### Assignment:
Below are records; from the line containing "GATO ELÉCTRICO 3" through the very last line, output each line exactly. No pictures.

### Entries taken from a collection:
******

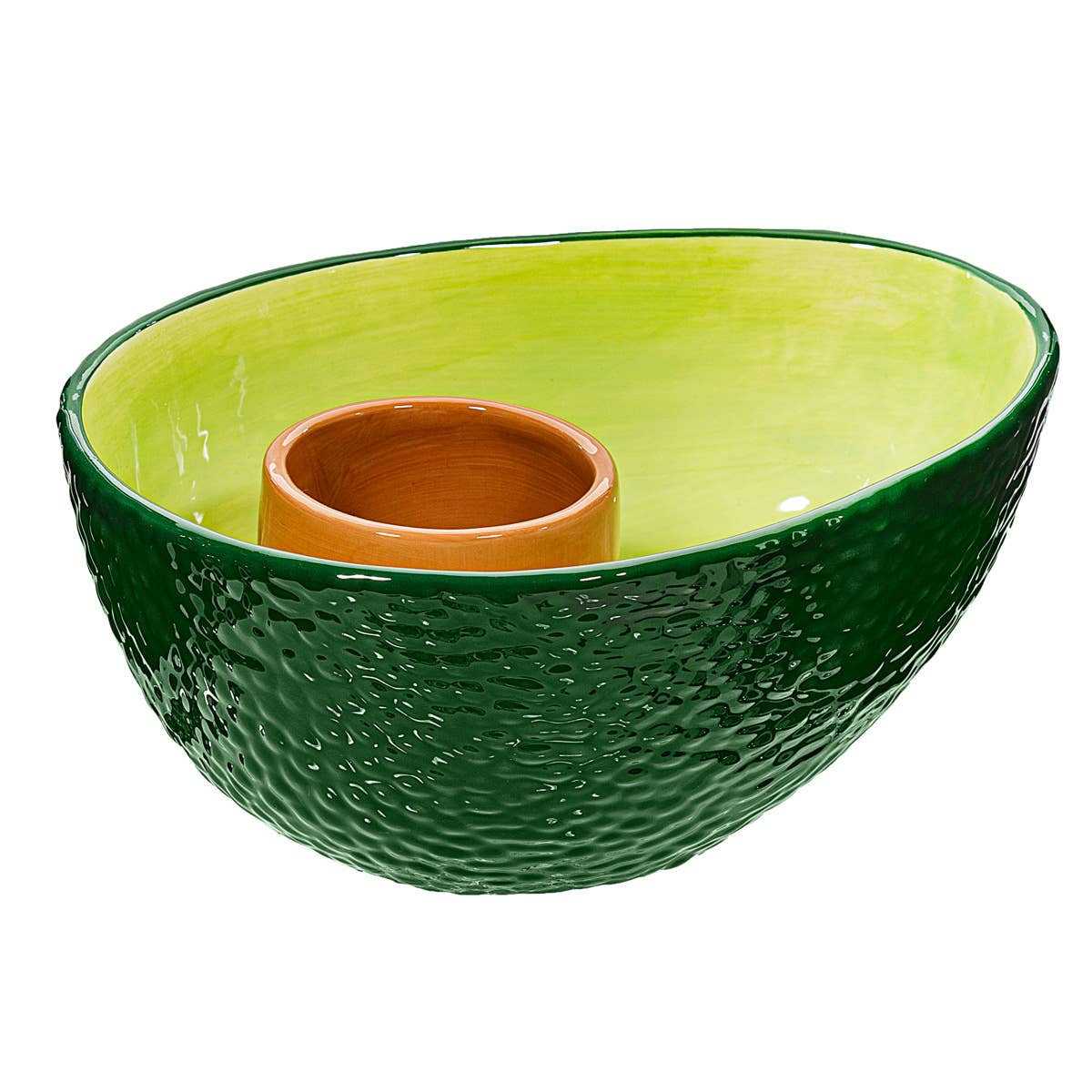 Green ceramic avocado-shaped chip and dip bowl with brown pit centre on white background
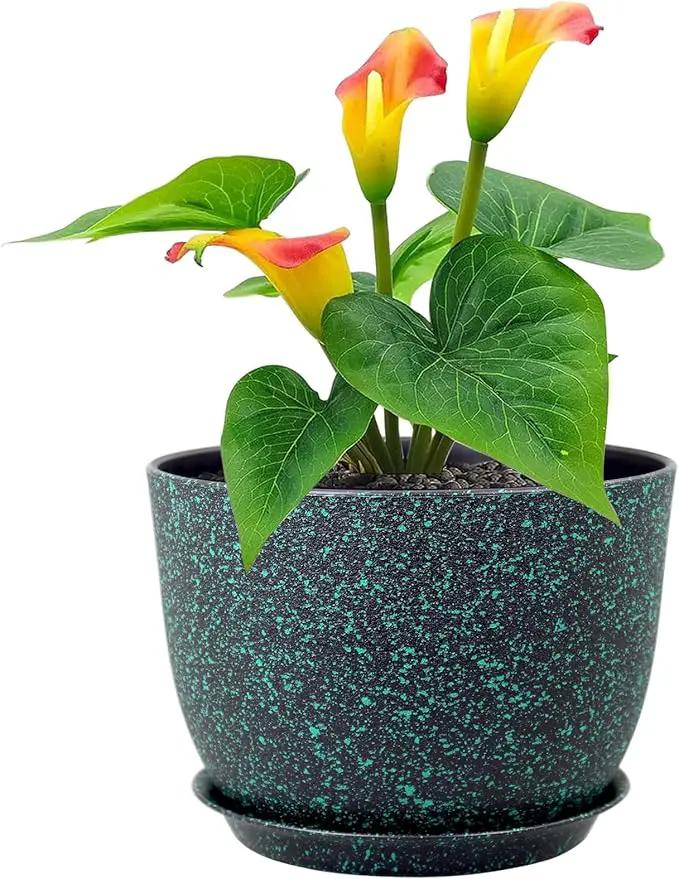 12 inch Large Plant Pots, Plastic Planters with Drainage Holes and Saucers, Flower Pots for Indoor Outdoor Plants, Decorative Pots for Garden House Plants, Black with Green Speckles by GreenHaven Gardens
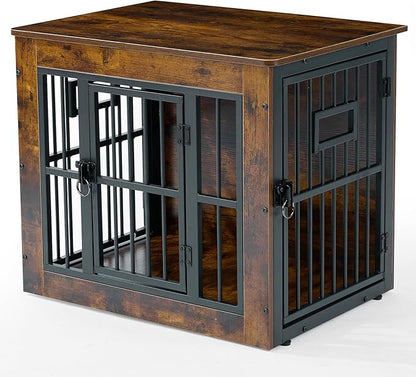 Gardner Pet Dog Crate Furniture for Small Dogs, 27.2 Inch Dog Kennel Indoor, Wooden Dog Cage End Table, Heavy Duty Dog Crate, Rustic Brown
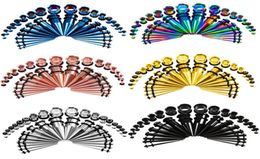 36 pièces 6 Styles jauge d'oreille cône et bouchon Kits d'étirement expansion du Tunnel de chair Piercing bijoux boucle d'oreille 14G00G G79L3114345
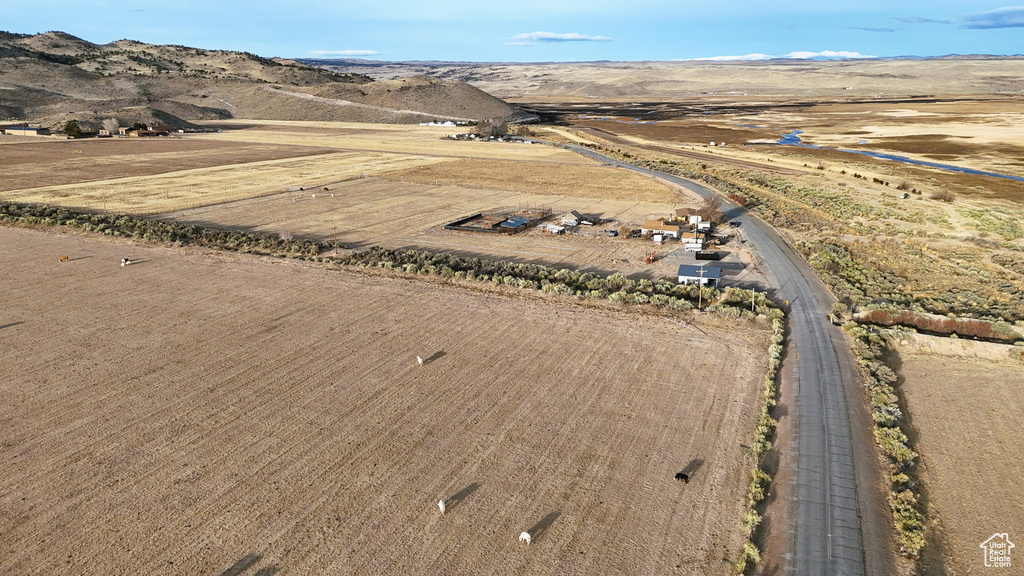 Bird's eye view with a mountain view and a rural view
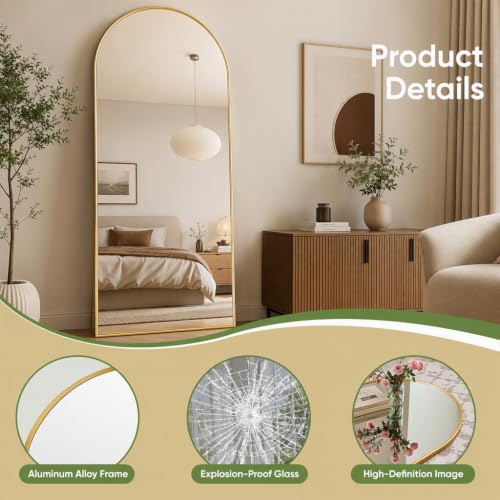 Arched Full Body Gold Mirror with Stand, 65"x24", Floor, Wall or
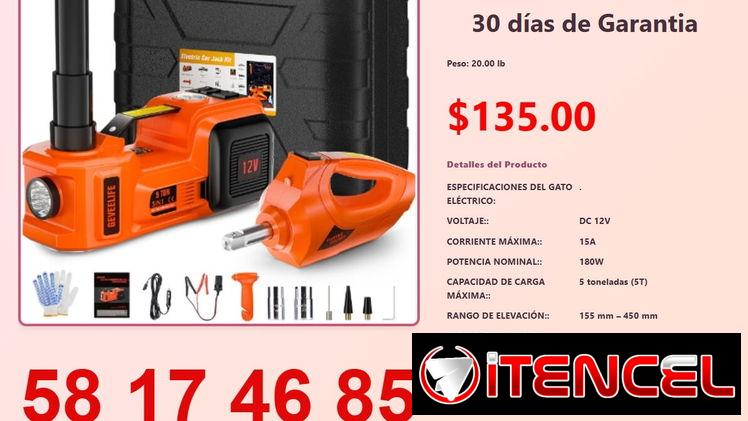 GATO ELÉCTRICO 3 EN 1 CON COMPRESOR DE AIRE (12V) Y LLAVE DE IMPACTO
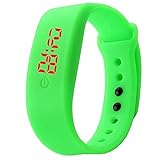 Steellwingsf Damen Herren Silikon Armband Sport-Armband mit digitalem LED-Display mit Uhr, grün, Einheitsgröße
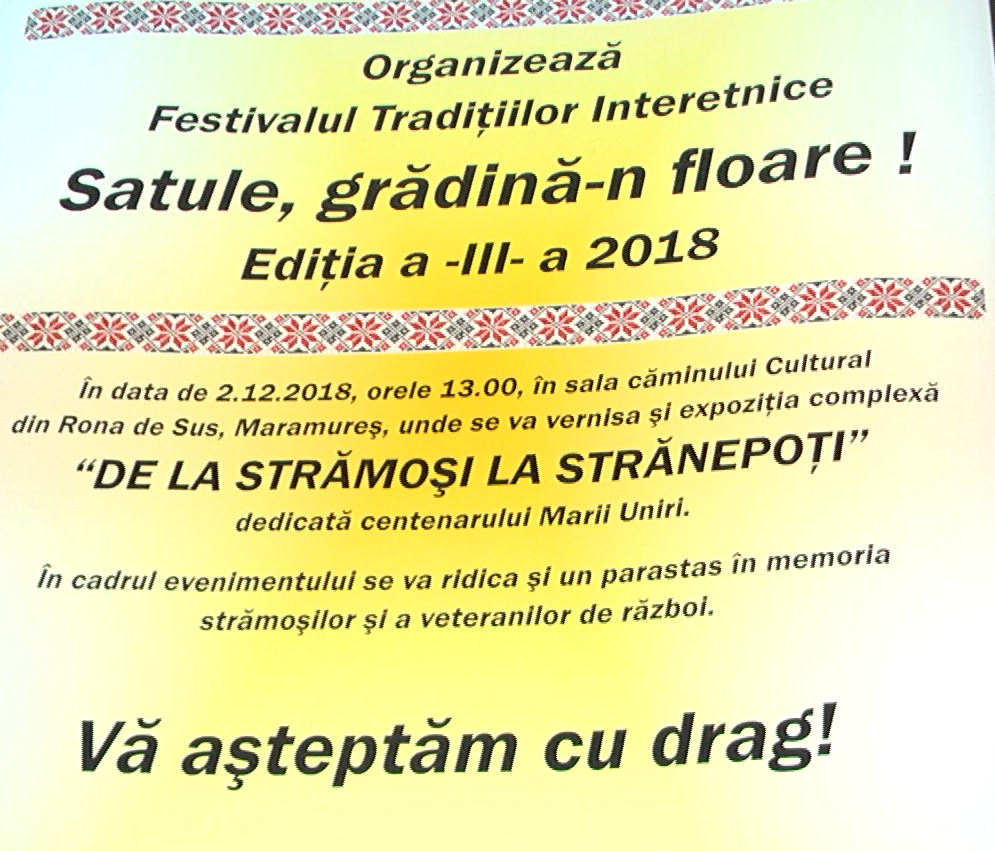 FESTIVALUL DE TRADIȚII STRĂMOȘEȘTI INTERETNICE LA RONA DE SUS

******

### Answer box:
 GATO ELÉCTRICO 3 EN 1 CON COMPRESOR DE AIRE (12V) Y LLAVE DE IMPACTO
 Steellwingsf Damen Herren Silikon Armband Sport-Armband mit digitalem LED-Display mit Uhr, grün, Einheitsgröße
 FESTIVALUL DE TRADIȚII STRĂMOȘEȘTI INTERETNICE LA RONA DE SUS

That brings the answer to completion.